TRY IT:
Could you output all of the records below exactly as they appear?

DATA FOR THE TASK:
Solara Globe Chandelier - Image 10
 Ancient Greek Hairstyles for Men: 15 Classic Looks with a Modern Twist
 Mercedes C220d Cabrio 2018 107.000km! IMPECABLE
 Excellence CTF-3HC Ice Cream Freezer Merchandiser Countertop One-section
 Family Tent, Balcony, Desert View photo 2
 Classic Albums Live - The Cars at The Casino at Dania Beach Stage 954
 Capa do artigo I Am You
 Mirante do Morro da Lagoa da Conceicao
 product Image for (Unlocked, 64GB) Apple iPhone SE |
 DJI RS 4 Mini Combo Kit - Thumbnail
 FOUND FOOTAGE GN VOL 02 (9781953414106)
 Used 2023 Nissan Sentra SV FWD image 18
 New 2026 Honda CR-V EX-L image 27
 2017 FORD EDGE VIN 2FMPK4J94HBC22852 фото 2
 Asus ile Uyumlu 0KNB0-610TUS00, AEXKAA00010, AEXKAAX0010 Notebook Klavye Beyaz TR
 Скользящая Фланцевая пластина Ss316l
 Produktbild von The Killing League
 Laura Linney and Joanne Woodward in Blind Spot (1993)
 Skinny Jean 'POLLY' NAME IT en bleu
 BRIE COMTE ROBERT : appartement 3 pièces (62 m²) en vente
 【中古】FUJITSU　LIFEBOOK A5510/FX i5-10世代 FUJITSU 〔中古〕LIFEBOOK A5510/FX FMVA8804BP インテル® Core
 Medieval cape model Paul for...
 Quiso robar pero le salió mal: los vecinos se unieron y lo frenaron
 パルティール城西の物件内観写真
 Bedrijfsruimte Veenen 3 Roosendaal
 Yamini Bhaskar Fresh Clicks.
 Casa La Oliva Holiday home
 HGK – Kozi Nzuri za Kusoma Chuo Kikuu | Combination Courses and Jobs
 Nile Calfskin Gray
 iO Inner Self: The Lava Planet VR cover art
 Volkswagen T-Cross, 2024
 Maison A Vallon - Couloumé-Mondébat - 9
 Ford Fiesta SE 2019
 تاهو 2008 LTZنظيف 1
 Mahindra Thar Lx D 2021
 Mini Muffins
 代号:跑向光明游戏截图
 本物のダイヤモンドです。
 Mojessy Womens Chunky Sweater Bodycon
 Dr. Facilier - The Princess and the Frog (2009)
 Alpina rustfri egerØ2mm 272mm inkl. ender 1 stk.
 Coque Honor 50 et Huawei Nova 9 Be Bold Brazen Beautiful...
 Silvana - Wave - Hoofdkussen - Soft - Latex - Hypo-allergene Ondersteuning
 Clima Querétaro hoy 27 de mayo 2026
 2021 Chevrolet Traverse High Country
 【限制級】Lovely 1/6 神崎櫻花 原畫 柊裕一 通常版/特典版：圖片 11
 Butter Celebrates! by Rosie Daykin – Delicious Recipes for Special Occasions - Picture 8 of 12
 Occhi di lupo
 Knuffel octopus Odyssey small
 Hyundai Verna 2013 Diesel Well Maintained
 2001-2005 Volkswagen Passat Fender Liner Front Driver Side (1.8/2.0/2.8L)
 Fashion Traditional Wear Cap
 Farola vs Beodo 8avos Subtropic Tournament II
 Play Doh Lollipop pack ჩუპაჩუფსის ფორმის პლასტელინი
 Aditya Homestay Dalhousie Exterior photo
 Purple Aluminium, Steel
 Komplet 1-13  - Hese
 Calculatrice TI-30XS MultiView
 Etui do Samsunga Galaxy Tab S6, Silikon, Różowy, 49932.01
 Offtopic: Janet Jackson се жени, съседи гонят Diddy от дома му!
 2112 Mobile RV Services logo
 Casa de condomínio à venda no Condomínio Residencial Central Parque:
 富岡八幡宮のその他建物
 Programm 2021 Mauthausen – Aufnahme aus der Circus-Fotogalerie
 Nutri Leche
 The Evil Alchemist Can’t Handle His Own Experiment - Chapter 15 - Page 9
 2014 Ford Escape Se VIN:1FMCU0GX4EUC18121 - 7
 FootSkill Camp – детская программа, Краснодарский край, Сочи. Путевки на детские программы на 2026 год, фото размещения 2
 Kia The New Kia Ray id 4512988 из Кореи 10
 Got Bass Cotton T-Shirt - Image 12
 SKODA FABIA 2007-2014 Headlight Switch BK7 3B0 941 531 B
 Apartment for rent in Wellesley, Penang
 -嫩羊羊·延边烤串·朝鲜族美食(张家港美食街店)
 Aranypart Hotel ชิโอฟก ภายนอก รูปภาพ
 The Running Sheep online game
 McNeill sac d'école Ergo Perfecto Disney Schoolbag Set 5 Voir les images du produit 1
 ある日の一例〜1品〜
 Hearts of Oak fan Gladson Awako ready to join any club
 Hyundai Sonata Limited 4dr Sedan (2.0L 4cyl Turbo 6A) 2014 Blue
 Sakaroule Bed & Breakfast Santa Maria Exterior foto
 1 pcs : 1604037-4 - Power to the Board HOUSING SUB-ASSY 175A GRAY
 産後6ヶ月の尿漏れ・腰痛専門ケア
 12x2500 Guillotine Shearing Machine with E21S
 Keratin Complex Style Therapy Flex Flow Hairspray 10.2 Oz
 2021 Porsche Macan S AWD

EXERCISE ANSWER:
Solara Globe Chandelier - Image 10
 Ancient Greek Hairstyles for Men: 15 Classic Looks with a Modern Twist
 Mercedes C220d Cabrio 2018 107.000km! IMPECABLE
 Excellence CTF-3HC Ice Cream Freezer Merchandiser Countertop One-section
 Family Tent, Balcony, Desert View photo 2
 Classic Albums Live - The Cars at The Casino at Dania Beach Stage 954
 Capa do artigo I Am You
 Mirante do Morro da Lagoa da Conceicao
 product Image for (Unlocked, 64GB) Apple iPhone SE |
 DJI RS 4 Mini Combo Kit - Thumbnail
 FOUND FOOTAGE GN VOL 02 (9781953414106)
 Used 2023 Nissan Sentra SV FWD image 18
 New 2026 Honda CR-V EX-L image 27
 2017 FORD EDGE VIN 2FMPK4J94HBC22852 фото 2
 Asus ile Uyumlu 0KNB0-610TUS00, AEXKAA00010, AEXKAAX0010 Notebook Klavye Beyaz TR
 Скользящая Фланцевая пластина Ss316l
 Produktbild von The Killing League
 Laura Linney and Joanne Woodward in Blind Spot (1993)
 Skinny Jean 'POLLY' NAME IT en bleu
 BRIE COMTE ROBERT : appartement 3 pièces (62 m²) en vente
 【中古】FUJITSU　LIFEBOOK A5510/FX i5-10世代 FUJITSU 〔中古〕LIFEBOOK A5510/FX FMVA8804BP インテル® Core
 Medieval cape model Paul for...
 Quiso robar pero le salió mal: los vecinos se unieron y lo frenaron
 パルティール城西の物件内観写真
 Bedrijfsruimte Veenen 3 Roosendaal
 Yamini Bhaskar Fresh Clicks.
 Casa La Oliva Holiday home
 HGK – Kozi Nzuri za Kusoma Chuo Kikuu | Combination Courses and Jobs
 Nile Calfskin Gray
 iO Inner Self: The Lava Planet VR cover art
 Volkswagen T-Cross, 2024
 Maison A Vallon - Couloumé-Mondébat - 9
 Ford Fiesta SE 2019
 تاهو 2008 LTZنظيف 1
 Mahindra Thar Lx D 2021
 Mini Muffins
 代号:跑向光明游戏截图
 本物のダイヤモンドです。
 Mojessy Womens Chunky Sweater Bodycon
 Dr. Facilier - The Princess and the Frog (2009)
 Alpina rustfri egerØ2mm 272mm inkl. ender 1 stk.
 Coque Honor 50 et Huawei Nova 9 Be Bold Brazen Beautiful...
 Silvana - Wave - Hoofdkussen - Soft - Latex - Hypo-allergene Ondersteuning
 Clima Querétaro hoy 27 de mayo 2026
 2021 Chevrolet Traverse High Country
 【限制級】Lovely 1/6 神崎櫻花 原畫 柊裕一 通常版/特典版：圖片 11
 Butter Celebrates! by Rosie Daykin – Delicious Recipes for Special Occasions - Picture 8 of 12
 Occhi di lupo
 Knuffel octopus Odyssey small
 Hyundai Verna 2013 Diesel Well Maintained
 2001-2005 Volkswagen Passat Fender Liner Front Driver Side (1.8/2.0/2.8L)
 Fashion Traditional Wear Cap
 Farola vs Beodo 8avos Subtropic Tournament II
 Play Doh Lollipop pack ჩუპაჩუფსის ფორმის პლასტელინი
 Aditya Homestay Dalhousie Exterior photo
 Purple Aluminium, Steel
 Komplet 1-13  - Hese
 Calculatrice TI-30XS MultiView
 Etui do Samsunga Galaxy Tab S6, Silikon, Różowy, 49932.01
 Offtopic: Janet Jackson се жени, съседи гонят Diddy от дома му!
 2112 Mobile RV Services logo
 Casa de condomínio à venda no Condomínio Residencial Central Parque:
 富岡八幡宮のその他建物
 Programm 2021 Mauthausen – Aufnahme aus der Circus-Fotogalerie
 Nutri Leche
 The Evil Alchemist Can’t Handle His Own Experiment - Chapter 15 - Page 9
 2014 Ford Escape Se VIN:1FMCU0GX4EUC18121 - 7
 FootSkill Camp – детская программа, Краснодарский край, Сочи. Путевки на детские программы на 2026 год, фото размещения 2
 Kia The New Kia Ray id 4512988 из Кореи 10
 Got Bass Cotton T-Shirt - Image 12
 SKODA FABIA 2007-2014 Headlight Switch BK7 3B0 941 531 B
 Apartment for rent in Wellesley, Penang
 -嫩羊羊·延边烤串·朝鲜族美食(张家港美食街店)
 Aranypart Hotel ชิโอฟก ภายนอก รูปภาพ
 The Running Sheep online game
 McNeill sac d'école Ergo Perfecto Disney Schoolbag Set 5 Voir les images du produit 1
 ある日の一例〜1品〜
 Hearts of Oak fan Gladson Awako ready to join any club
 Hyundai Sonata Limited 4dr Sedan (2.0L 4cyl Turbo 6A) 2014 Blue
 Sakaroule Bed & Breakfast Santa Maria Exterior foto
 1 pcs : 1604037-4 - Power to the Board HOUSING SUB-ASSY 175A GRAY
 産後6ヶ月の尿漏れ・腰痛専門ケア
 12x2500 Guillotine Shearing Machine with E21S
 Keratin Complex Style Therapy Flex Flow Hairspray 10.2 Oz
 2021 Porsche Macan S AWD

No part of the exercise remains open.